Dataset items:

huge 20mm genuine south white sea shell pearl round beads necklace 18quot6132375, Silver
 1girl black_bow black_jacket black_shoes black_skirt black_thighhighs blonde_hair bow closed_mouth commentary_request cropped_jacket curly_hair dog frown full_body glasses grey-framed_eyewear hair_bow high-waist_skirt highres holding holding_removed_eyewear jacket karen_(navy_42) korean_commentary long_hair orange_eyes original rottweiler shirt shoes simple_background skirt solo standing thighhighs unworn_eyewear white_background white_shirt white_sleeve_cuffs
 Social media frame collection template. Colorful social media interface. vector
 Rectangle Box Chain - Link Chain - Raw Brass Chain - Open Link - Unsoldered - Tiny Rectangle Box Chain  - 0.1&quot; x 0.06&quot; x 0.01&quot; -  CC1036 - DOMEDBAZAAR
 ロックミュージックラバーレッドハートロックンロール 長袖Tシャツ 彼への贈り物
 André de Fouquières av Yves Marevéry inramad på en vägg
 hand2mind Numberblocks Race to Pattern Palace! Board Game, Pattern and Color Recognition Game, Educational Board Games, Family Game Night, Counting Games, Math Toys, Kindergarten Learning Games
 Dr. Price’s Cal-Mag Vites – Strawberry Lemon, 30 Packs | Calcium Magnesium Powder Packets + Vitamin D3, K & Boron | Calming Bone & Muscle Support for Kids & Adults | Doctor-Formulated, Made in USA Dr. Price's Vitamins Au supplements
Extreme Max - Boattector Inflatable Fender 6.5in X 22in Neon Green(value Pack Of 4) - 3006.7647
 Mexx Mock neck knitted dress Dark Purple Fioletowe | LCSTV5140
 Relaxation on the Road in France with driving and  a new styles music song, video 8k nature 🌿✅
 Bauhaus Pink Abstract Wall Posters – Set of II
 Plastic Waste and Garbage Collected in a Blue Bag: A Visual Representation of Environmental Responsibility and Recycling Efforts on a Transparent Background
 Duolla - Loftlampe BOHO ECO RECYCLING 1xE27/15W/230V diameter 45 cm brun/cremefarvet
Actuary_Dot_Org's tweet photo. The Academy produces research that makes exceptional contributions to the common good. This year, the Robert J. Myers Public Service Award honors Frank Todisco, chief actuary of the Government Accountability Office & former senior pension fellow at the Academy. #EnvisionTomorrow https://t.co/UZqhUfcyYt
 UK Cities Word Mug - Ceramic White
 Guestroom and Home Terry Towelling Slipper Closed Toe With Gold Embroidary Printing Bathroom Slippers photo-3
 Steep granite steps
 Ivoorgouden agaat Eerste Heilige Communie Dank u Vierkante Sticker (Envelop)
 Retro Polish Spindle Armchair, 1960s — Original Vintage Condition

Task objective: Reproduce, with both ends included, the lines from the one holding "Extreme Max - Boattector" to the end of the records above.

Expected answer:
Extreme Max - Boattector Inflatable Fender 6.5in X 22in Neon Green(value Pack Of 4) - 3006.7647
 Mexx Mock neck knitted dress Dark Purple Fioletowe | LCSTV5140
 Relaxation on the Road in France with driving and  a new styles music song, video 8k nature 🌿✅
 Bauhaus Pink Abstract Wall Posters – Set of II
 Plastic Waste and Garbage Collected in a Blue Bag: A Visual Representation of Environmental Responsibility and Recycling Efforts on a Transparent Background
 Duolla - Loftlampe BOHO ECO RECYCLING 1xE27/15W/230V diameter 45 cm brun/cremefarvet
Actuary_Dot_Org's tweet photo. The Academy produces research that makes exceptional contributions to the common good. This year, the Robert J. Myers Public Service Award honors Frank Todisco, chief actuary of the Government Accountability Office & former senior pension fellow at the Academy. #EnvisionTomorrow https://t.co/UZqhUfcyYt
 UK Cities Word Mug - Ceramic White
 Guestroom and Home Terry Towelling Slipper Closed Toe With Gold Embroidary Printing Bathroom Slippers photo-3
 Steep granite steps
 Ivoorgouden agaat Eerste Heilige Communie Dank u Vierkante Sticker (Envelop)
 Retro Polish Spindle Armchair, 1960s — Original Vintage Condition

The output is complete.